Table 2 Zero-shot transfer and fine-tuning performance on the experimental Chemical Education dataset. Top-k structure prediction accuracy (%) is reported for overlap and unseen molecular subsets under different spectral input configurations. External baseline results from prior work²¹ are shown for reference

Mode	Spectra input	Test set	Top-1	Top-5	Top-10	Top-100
Alberts²¹ zero-shot baseline	H	Full	20.00	31.58	—	—
Alberts²¹ zero-shot baseline	C	Full	48.42	66.32	—	—
Zero-shot	H	Overlap	17.71	34.38	41.67	53.12
	H	Unseen	21.54	30.77	36.92	45.38
	C	Overlap	57.29	70.83	80.21	88.54
	C	Unseen	41.54	62.31	68.46	77.69
	C + H	Overlap	32.29	53.12	59.38	67.71
	C + H	Unseen	33.08	45.38	49.23	55.38
Fine-tune	H	Unseen	55.38	76.15	80.77	90.00
	C	Unseen	53.08	80.77	84.62	92.31
	C + H	Unseen	66.15	81.54	86.15	90.77

Interestingly, the difference in accuracy between the overlap and unseen subsets is modest for all modalities. This observation suggests that simulation–experiment spectral domain shift is a major contributor to the zero-shot performance loss. Because molecular novelty and structural complexity may also affect prediction difficulty, we further compared the overlap and unseen subsets using molecular-size, ring-system, and fingerprint-based chemical-space descriptors in the SI (Section S12). These analyses indicate that the overlap and unseen subsets are broadly comparable in molecular complexity, supporting the interpretation that spectral domain shift plays a central role in the observed zero-shot degradation.

Fine-tune performance. To mitigate the simulation–experiment domain gap, we further fine-tune the model using the overlap subset of experimental data and evaluate performance on the held-out unseen subset. This setting isolates the effect of adapting to experimental spectral characteristics while preserving a strict test on previously unseen molecular structures. For completeness, cross-validation results on the full experimental dataset and detailed comparisons with prior work are provided in the SI (Section S6).Fine-tuning leads to significant performance improvements across all spectral modalities as shown in Table 2. Notably, training on only around 100 experimental spectrum–molecule pairs is sufficient to recover a large fraction of the accuracy loss observed in the zero-shot setting, bringing performance closer to that achieved on simulated test data. The gains are particularly pronounced for ¹H and combined ¹³C + ¹H inputs, indicating that these modalities benefit most from adapting to experimental characteristics. The best-performing multimodal ¹³C + ¹H configuration after fine-tuning indicates the advantage of integrating complementary spectral information once the modality-specific representations are better aligned with experimental data.
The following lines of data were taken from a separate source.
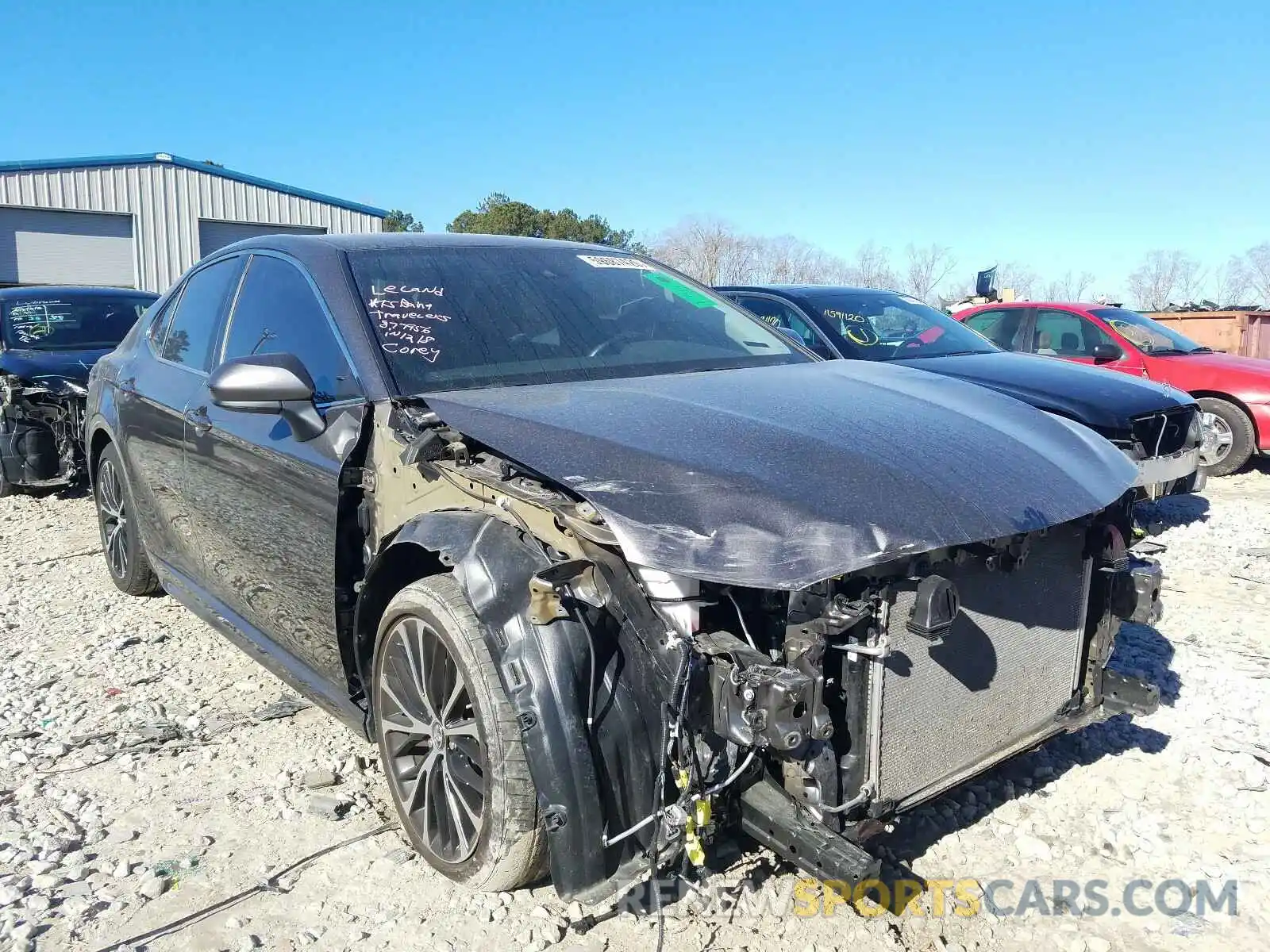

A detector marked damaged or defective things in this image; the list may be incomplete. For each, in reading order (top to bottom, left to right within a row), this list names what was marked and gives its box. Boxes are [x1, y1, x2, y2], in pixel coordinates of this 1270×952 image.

severe front-end damage [0, 371, 89, 492]
damaged front bumper [0, 374, 89, 492]
crushed hood [0, 346, 110, 387]
crushed hood [422, 363, 1137, 590]
crushed hood [889, 351, 1194, 435]
severe front-end damage [352, 363, 1168, 901]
Re-ranking based on chemical shift prediction

We next evaluate the impact of chemical-shift-based re-ranking on structure prediction accuracy across different spectral inputs (Fig. 4). We note that re-ranking does not introduce new candidates but only reorders the generated list. Therefore, its effectiveness depends on the presence of the correct structure within the candidate pool and cannot recover correct structures that are absent from the top-k predictions. Re-ranking consistently improves both top-1 and top-5 accuracy in the zero-shot setting for all three input configurations. For ¹³C inputs, zero-shot prediction followed by re-ranking even outperforms the corresponding fine-tuned model. These results demonstrate that re-ranking serves as a practical mechanism that can improve top-rank retrieval quality without modifying the underlying generative model.


	Fig. 4 Effect of chemical-shift-based re-ranking on experimental structure prediction accuracy. Top-1 and top-5 accuracy on the Chemical Education dataset are shown for zero-shot prediction and after fine-tuning, with and without re-ranking, across ¹H-only, ¹³C-only, and combined inputs. The predictions from combined input are re-ranked with only the ¹³C spectra. Re-ranking consistently improves top-rank retrieval quality, particularly in the zero-shot regime, highlighting the benefit of integrating external spectral agreement scoring with generative Transformer models. Full data table is included in the SI (Section S7).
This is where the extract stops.